What to work on
The output must match the entries below exactly, with pictures removed.

Brief descriptive captions:
----

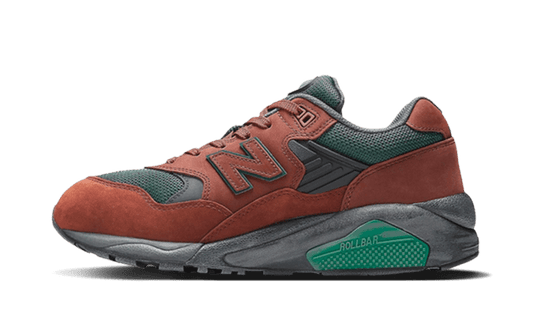580-beef-and-broccoli-socksforsport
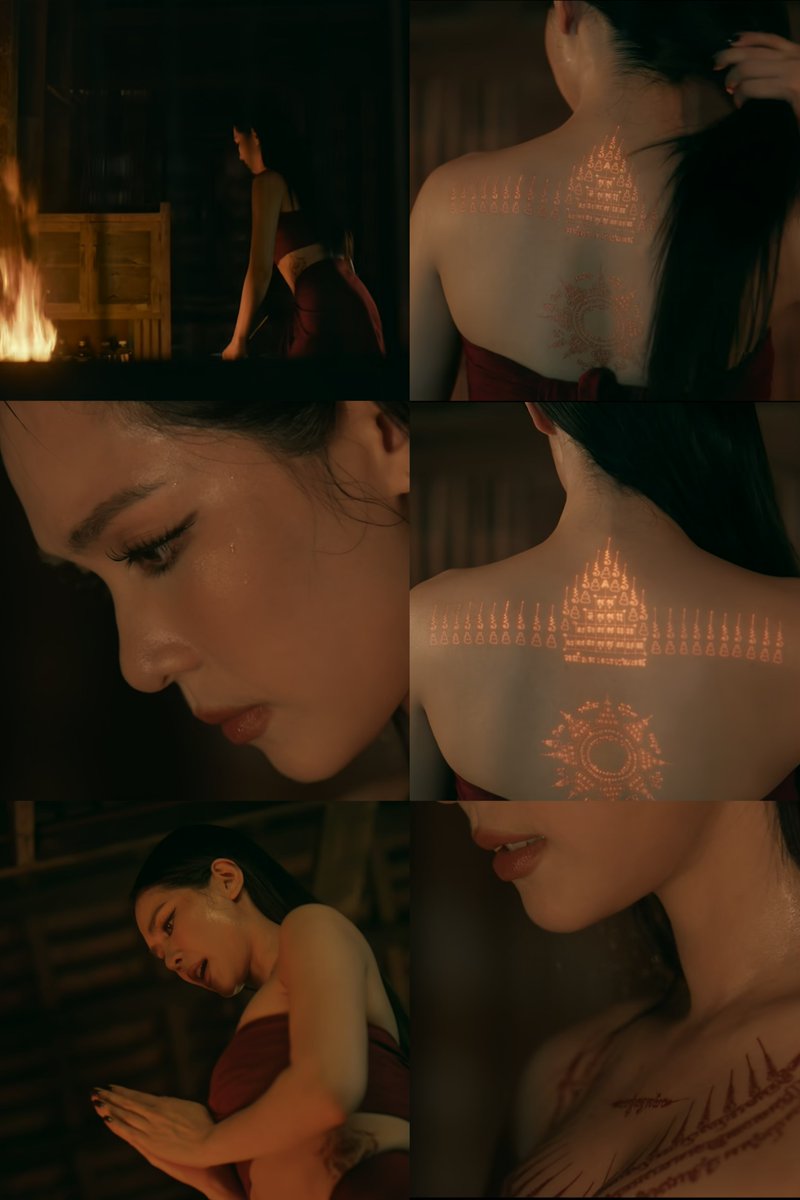 megan_lnm's tweet photo. ชอบมากเลยซีนนี้

KHOM KHLANG EP4
#ข่มขลังตอนที่4 https://t.co/ucxw1Wv3cQ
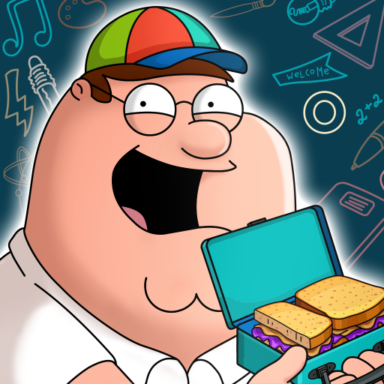 Family Guy Freakin Mobile Game 2 57 7 APK Download by Jam City Inc Family Guy Freakin Mobile Game 2 57 7 APK Download by Jam City Inc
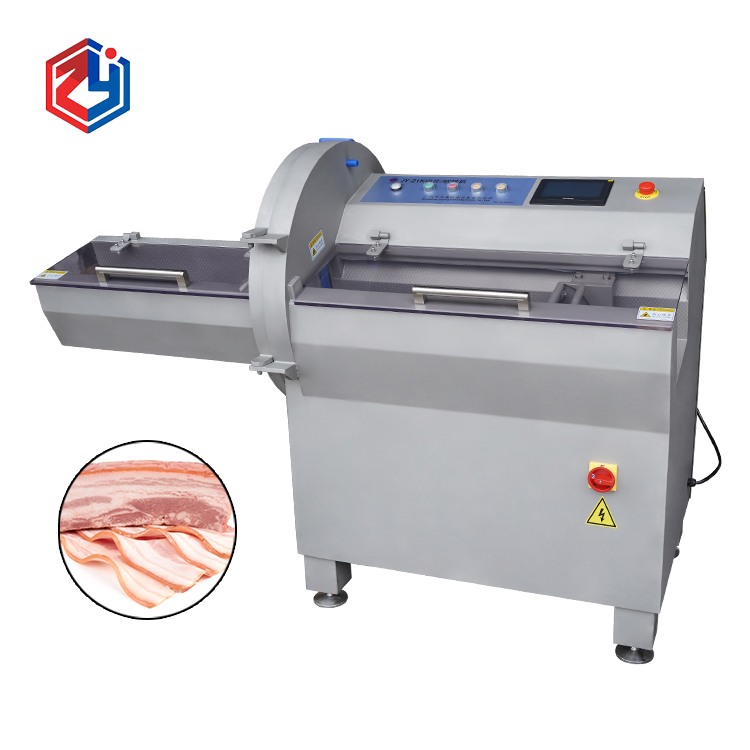 多功能砍排機怎麽樣？有什麽好處？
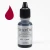 Tusz uzupełniający Tsukineko StazOn Claret 15 ml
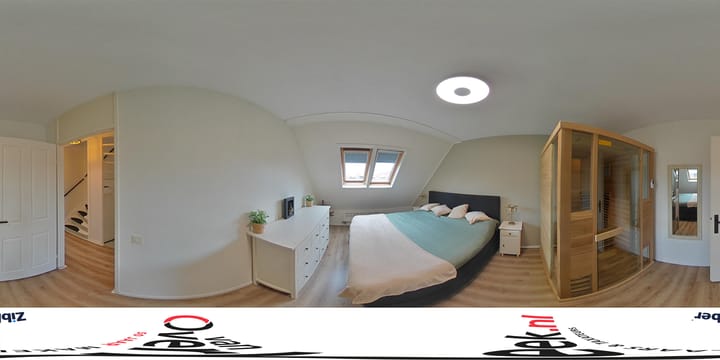 Foto 43 van Korenstraat 37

----

Response to the task
580-beef-and-broccoli-socksforsport
 megan_lnm's tweet photo. ชอบมากเลยซีนนี้

KHOM KHLANG EP4
#ข่มขลังตอนที่4 https://t.co/ucxw1Wv3cQ
 Family Guy Freakin Mobile Game 2 57 7 APK Download by Jam City Inc Family Guy Freakin Mobile Game 2 57 7 APK Download by Jam City Inc
 多功能砍排機怎麽樣？有什麽好處？
 Tusz uzupełniający Tsukineko StazOn Claret 15 ml
 Foto 43 van Korenstraat 37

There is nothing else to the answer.